> Exercise description: If pictures appear among the lines below, leave them out while you return exactly the lines from the one with "DİKİŞLİ DİREKSİYON KILIFI" through the one with "Honda Civic — Фото автомобиля 11".

> Data for processing:
☆ ☆ ☆ ☆ ☆

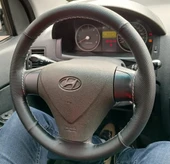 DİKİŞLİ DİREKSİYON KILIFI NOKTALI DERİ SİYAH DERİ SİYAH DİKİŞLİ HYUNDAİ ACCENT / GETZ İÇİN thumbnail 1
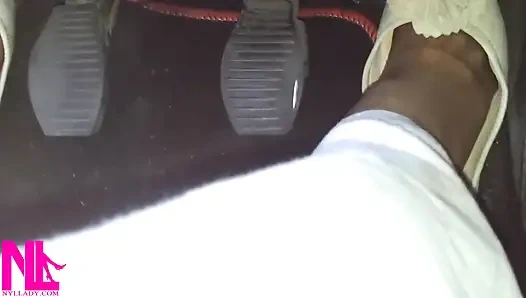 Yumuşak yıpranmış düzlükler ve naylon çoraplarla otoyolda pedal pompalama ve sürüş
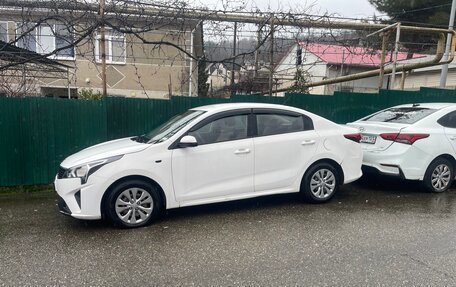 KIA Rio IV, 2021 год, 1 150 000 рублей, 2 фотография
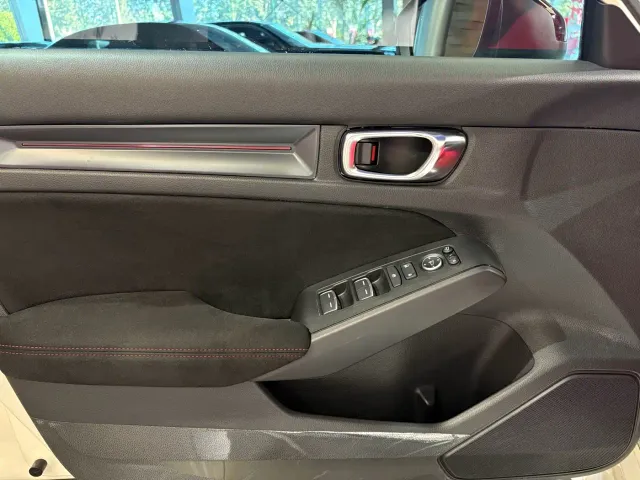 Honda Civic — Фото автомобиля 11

☆ ☆ ☆ ☆ ☆

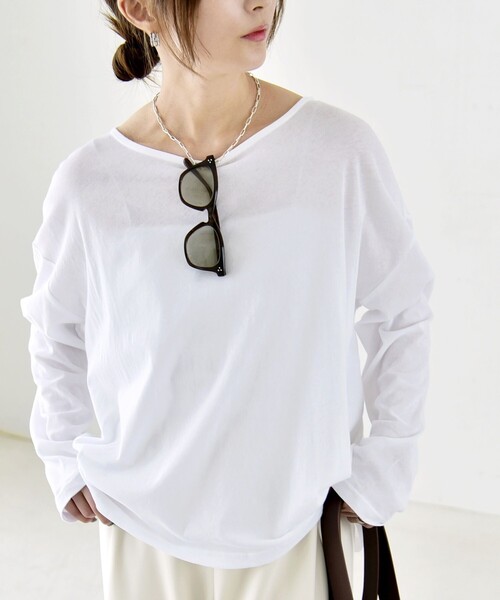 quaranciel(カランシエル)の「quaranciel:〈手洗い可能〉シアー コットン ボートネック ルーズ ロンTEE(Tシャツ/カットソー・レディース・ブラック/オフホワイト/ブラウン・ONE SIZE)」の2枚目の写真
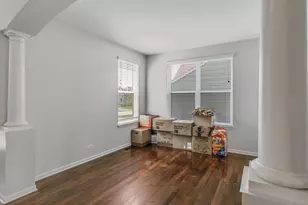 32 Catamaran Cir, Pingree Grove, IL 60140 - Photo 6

☆ ☆ ☆ ☆ ☆

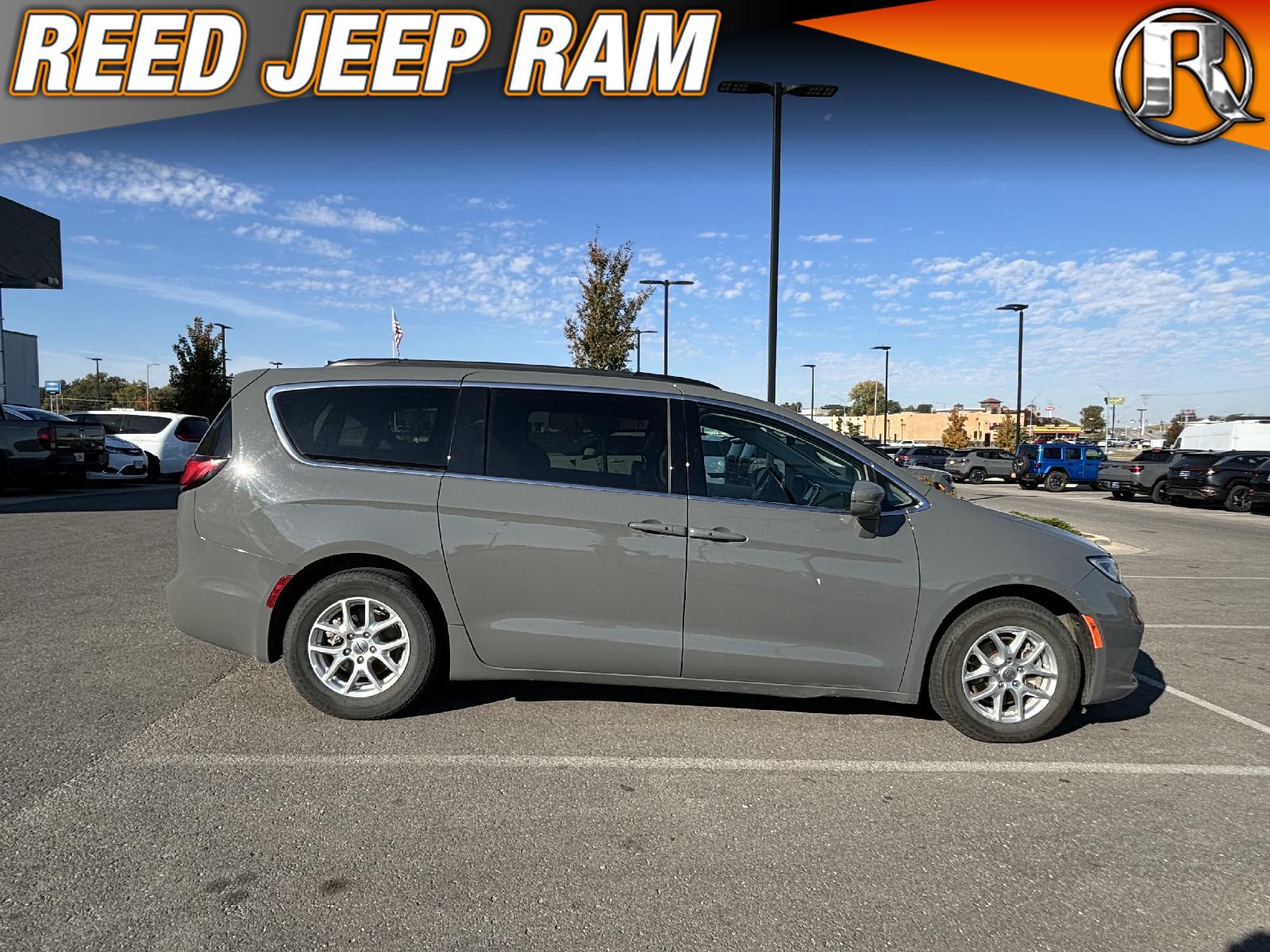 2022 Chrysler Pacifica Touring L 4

☆ ☆ ☆ ☆ ☆

> Response to the task:
 DİKİŞLİ DİREKSİYON KILIFI NOKTALI DERİ SİYAH DERİ SİYAH DİKİŞLİ HYUNDAİ ACCENT / GETZ İÇİN thumbnail 1
 Yumuşak yıpranmış düzlükler ve naylon çoraplarla otoyolda pedal pompalama ve sürüş
 KIA Rio IV, 2021 год, 1 150 000 рублей, 2 фотография
 Honda Civic — Фото автомобиля 11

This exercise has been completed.